Baylor has fired football coach amid sexual assault allegations, he read aloud last week.

"What does that mean?" My 6-year-old asked me.

I thought ahead, trying to figure out how to make this news both appropriate and impactful to my son. Even though I am a survivor of rape, I have a hard time saying the word; and it wasn't a word I wanted to throw at my little boy to process at his age.

It's a heavy responsibility, raising a good human. Sometimes, even our best efforts fall flat and we can't control everything they do. We can, however, set up a strong foundation; I want his foundation of growing into a man to include the understanding that violence isn't the appropriate response and we don't touch others' bodies who do not wish to be touched.

"The coach knew that some of his players were hurting women, and he didn't do anything to stop it or do the right thing to tell someone," I told my son. "As a leader, it is his responsibility to report something like that to the proper authorities — like the police. And his players, basically, didn't stop when someone told them to stop."

Even my little boy knows what this means. We have discussed at length that his private parts are his alone, and that he is in control of his body; for example, he knows I will never make him hug anyone unless he wants to. He also understands that no means no — both when it comes to me and when it comes to his own body.

We went on to talk briefly about what it means to be a good leader, a good coach, a good man.

RELATED STORY: Stopping 'rape culture' starts with parents... earlier than you think

I had just emerged from three days of self-imposed unplugged silence to read the verdict for the Stanford rapist. These are the subheads that ran through my mind:

Another college campus, another sexual assault.

He's white and an athlete; who will believe her? Who will side with him?

I can only imagine what she went through to go through this trial.

This is why I never reported my rape.

And the thought that kept ringing through my head... At least he got 6 months. At least one of them is going to face some semblance of consequences for what he did.

According to RAINN (Rape, Abuse, and Incest National Network), America's largest anti-sexual violence organization, more than 60 percent of rapes go unreported. But truly, let's think about that. How can any organization possibly estimate those which are never reported?

The first time I heard the word "rape" was when a teenage girl a few years older than I was assaulted near my neighborhood. It wasn't something anyone talked about aside from whispers behind furtive hands. It wasn't until I was much older — recently, in fact, and I am in my 40s — that I started hearing accounts from women I know and love about the acts of violence against them.

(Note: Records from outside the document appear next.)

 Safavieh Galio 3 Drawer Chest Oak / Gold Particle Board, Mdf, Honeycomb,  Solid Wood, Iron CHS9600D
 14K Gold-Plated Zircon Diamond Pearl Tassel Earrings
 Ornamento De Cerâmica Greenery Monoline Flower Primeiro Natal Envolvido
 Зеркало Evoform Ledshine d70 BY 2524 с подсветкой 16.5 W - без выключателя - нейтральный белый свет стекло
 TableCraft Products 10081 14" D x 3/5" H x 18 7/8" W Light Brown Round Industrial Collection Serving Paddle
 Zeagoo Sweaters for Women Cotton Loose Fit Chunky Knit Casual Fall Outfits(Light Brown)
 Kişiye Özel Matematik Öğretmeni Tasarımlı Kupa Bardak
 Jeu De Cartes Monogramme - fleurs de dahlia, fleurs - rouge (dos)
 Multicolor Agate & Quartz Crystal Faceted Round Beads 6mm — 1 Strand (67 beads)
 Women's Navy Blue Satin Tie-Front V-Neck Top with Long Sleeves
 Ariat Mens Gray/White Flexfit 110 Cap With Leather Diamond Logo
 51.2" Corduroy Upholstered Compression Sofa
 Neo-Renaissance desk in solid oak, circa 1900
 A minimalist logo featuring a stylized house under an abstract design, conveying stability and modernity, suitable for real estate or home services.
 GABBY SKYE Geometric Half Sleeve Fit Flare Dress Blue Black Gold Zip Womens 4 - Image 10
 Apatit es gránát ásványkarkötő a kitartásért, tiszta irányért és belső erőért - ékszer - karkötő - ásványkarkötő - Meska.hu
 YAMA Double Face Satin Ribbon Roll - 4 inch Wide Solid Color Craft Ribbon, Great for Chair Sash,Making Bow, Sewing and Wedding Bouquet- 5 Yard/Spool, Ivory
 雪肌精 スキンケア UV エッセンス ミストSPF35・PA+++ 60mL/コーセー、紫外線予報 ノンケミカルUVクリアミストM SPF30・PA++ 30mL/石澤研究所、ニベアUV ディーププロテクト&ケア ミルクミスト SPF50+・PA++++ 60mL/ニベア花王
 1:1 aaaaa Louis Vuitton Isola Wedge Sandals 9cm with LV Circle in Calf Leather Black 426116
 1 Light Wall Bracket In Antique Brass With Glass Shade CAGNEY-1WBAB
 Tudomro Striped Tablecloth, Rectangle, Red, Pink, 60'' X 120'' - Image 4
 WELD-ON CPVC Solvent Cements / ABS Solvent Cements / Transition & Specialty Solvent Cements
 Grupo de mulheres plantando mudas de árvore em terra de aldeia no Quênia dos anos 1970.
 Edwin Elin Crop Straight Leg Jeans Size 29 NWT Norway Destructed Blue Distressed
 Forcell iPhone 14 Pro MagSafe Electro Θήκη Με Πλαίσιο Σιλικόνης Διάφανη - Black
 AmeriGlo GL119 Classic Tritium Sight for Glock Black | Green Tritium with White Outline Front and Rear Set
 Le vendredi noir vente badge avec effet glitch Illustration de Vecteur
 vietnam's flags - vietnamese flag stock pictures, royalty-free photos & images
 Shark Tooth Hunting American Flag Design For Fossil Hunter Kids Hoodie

As for me, my rapist was a friend... Or so I thought when I went to his dorm room that night. STOP, I said, clearly. NO. I know you want this, baby, he said. NO, I said again. I don't want this. He didn't care. I left his room in a daze, went straight to my shower in my dorm, and scrubbed my skin raw.

The next day, I pretended it never happened and I ignored his smirk when I saw him in our group of friends. I burned inside when I discovered that he had been bragging that he had bagged me and my best friend. Who was going to believe my story? He was someone I hung out with regularly. We were alone in that dorm room, with no witnesses. And everyone knew that I ran with a crowd of wild musicians, even though I wasn't a wild one myself. In any case, I was in too much shock to tell a soul. And I knew, in my heart, that if I did, all I would get is a dragging through the mud.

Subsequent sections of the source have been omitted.